DEUTLICHER EFFIZIENZGEWINN
Für dieses bislang einmalige Vorhaben suchten entegra und Eplan nach einem innovativen Verteilnetzbetreiber, der als Dritter im Bunde ein Pilotprojekt einbringt. Da kam der Kontakt zu naturenergie netze gerade recht – zumal es sich um ein komplexes Projekt handelt. Rainer Beck: „Wir werden hier die gesamte Sekundärtechnik in einem vorhandenen und sehr komplexen Umspannwerk erneuern – und das bei laufendem Betrieb.“ Der Anreiz, sich an diesem Projekt zu beteiligen, ist offensichtlich: „Die Planung und Umsetzung der Modernisierung würde normalerweise zwei bis drei Jahre dauern. Mit der neuen Planungsmethodik wird es deutlich schneller gehen.“ Davon sind alle Beteiligten überzeugt. Matthias Schuy, Business Development Manager bei entegra: „Was wir hier machen – Primär- und Sekundärtechnik eines Umspannwerks in einem digitalen Zwilling zu integrieren –, ist bisher einzigartig und verspricht großen Nutzen.“ Kann man das konkreter fassen? Rainer Beck: „Natürlich. Schließlich müssen wir nachweisen, dass sich der Einmalaufwand, den wir investieren, schnell amortisiert. Nach der ersten Projektphase der Vorplanung zeichnet sich eine deutliche Zeiteinsparung beim Umbau von Umspannwerken ab – und das bei jedem Projekt.“
EIN MODELL FÜR ALLE NUTZER
Im ersten Schritt des Projekts wurde das Umspannwerk gescannt, die Typenschilder wurden fotografiert und die erzeugten Primärtechnik-Daten mit denen aus dem Asset-Management-System abgeglichen. Als Ergebnis entstand ein valides, funktionales primtech-3D-Modell des Umspannwerks. Die in primtech erstellten Datensätze wurden dann über eine Schnittstelle vollautomatisch zu Eplan exportiert. Darauf basierend wurde die Sekundärtechnik in Eplan geplant. Abschließend wurden die Daten aus der Sekundärtechnik in den digitalen Zwilling integriert. Diese Arbeiten sind nahezu abgeschlossen. Mit der Dokumentation des Ist-Zustands wurde die Basis für den effizienten Austausch der Sekundärtechnik des Umspannwerks gelegt. „Das ist ein ganz wichtiger Schritt. Alle Daten sind verifiziert. Grundsätzlich wird das Prinzip ‚Single Source of Truth‘ beachtet. Dabei bleiben die Daten in den ursprünglichen Systemen unangetastet und werden mit dem digitalen Zwilling verknüpft. So lassen sich Redundanzen vermeiden, die zukünftig problematisch werden könnten“, erklärt Jan Oliver Kammesheidt, Global Vertical Market Manager Energy bei Eplan.
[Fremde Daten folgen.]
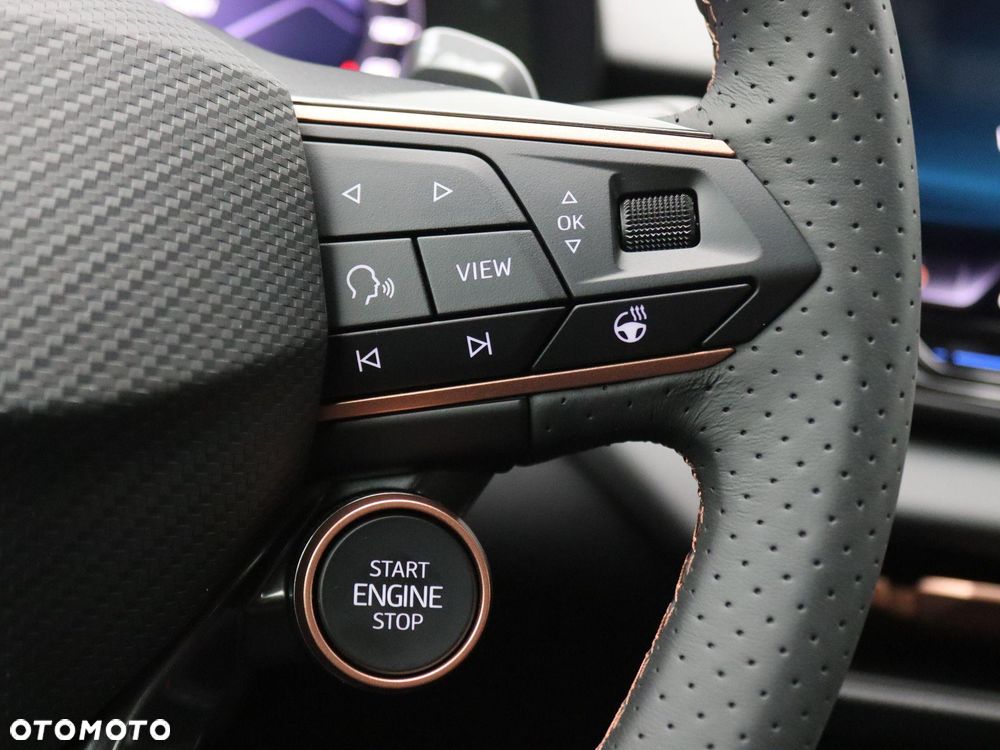 Cupra Terramar 1.5 e-Hybrid DSG VZ - 17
Bei der Architektur des gemeinsamen Datenmodells haben die Beteiligten – ganz im Sinne des Zwillingsgedankens – eine besondere Infrastruktur verwirklicht. „Es gibt nicht ein führendes System, sondern nur verschiedene Sichtweisen auf ein und dasselbe Modell. Der digitale Zwilling macht jeweils ein Fenster auf zu den Systemen – zum Beispiel von primtech zu Eplan oder zu SAP. Damit erfüllt der digitale Zwilling eine seiner wesentlichen Funktionen, nämlich an zentraler Stelle Zugriff auf alle relevanten Informationen des Umspannwerks zu bieten“, sagt Matthias Schuy.